Exercise - When you reach the line with "Upgraded Tactical Water" in the data below, begin printing lines exactly, and stop once the line with "Wicca & Paganism~Tree" has been printed.

Supplied entries -
-.-.-

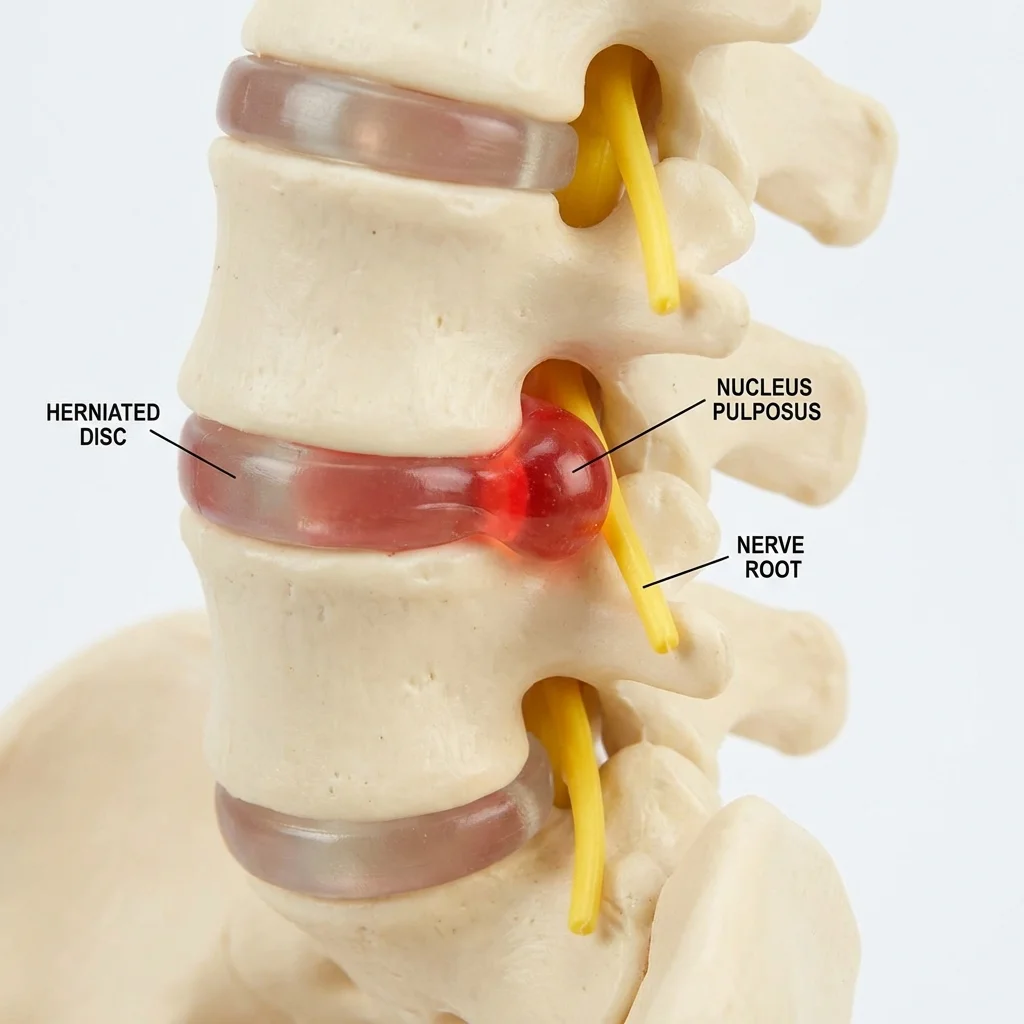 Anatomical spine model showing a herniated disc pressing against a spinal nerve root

-.-.-

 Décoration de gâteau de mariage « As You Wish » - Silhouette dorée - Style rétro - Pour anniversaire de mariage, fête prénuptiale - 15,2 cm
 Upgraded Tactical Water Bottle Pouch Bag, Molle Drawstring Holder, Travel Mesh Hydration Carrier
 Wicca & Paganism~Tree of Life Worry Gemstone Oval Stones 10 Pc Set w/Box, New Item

-.-.-

Answer for this exercise -
 Upgraded Tactical Water Bottle Pouch Bag, Molle Drawstring Holder, Travel Mesh Hydration Carrier
 Wicca & Paganism~Tree of Life Worry Gemstone Oval Stones 10 Pc Set w/Box, New Item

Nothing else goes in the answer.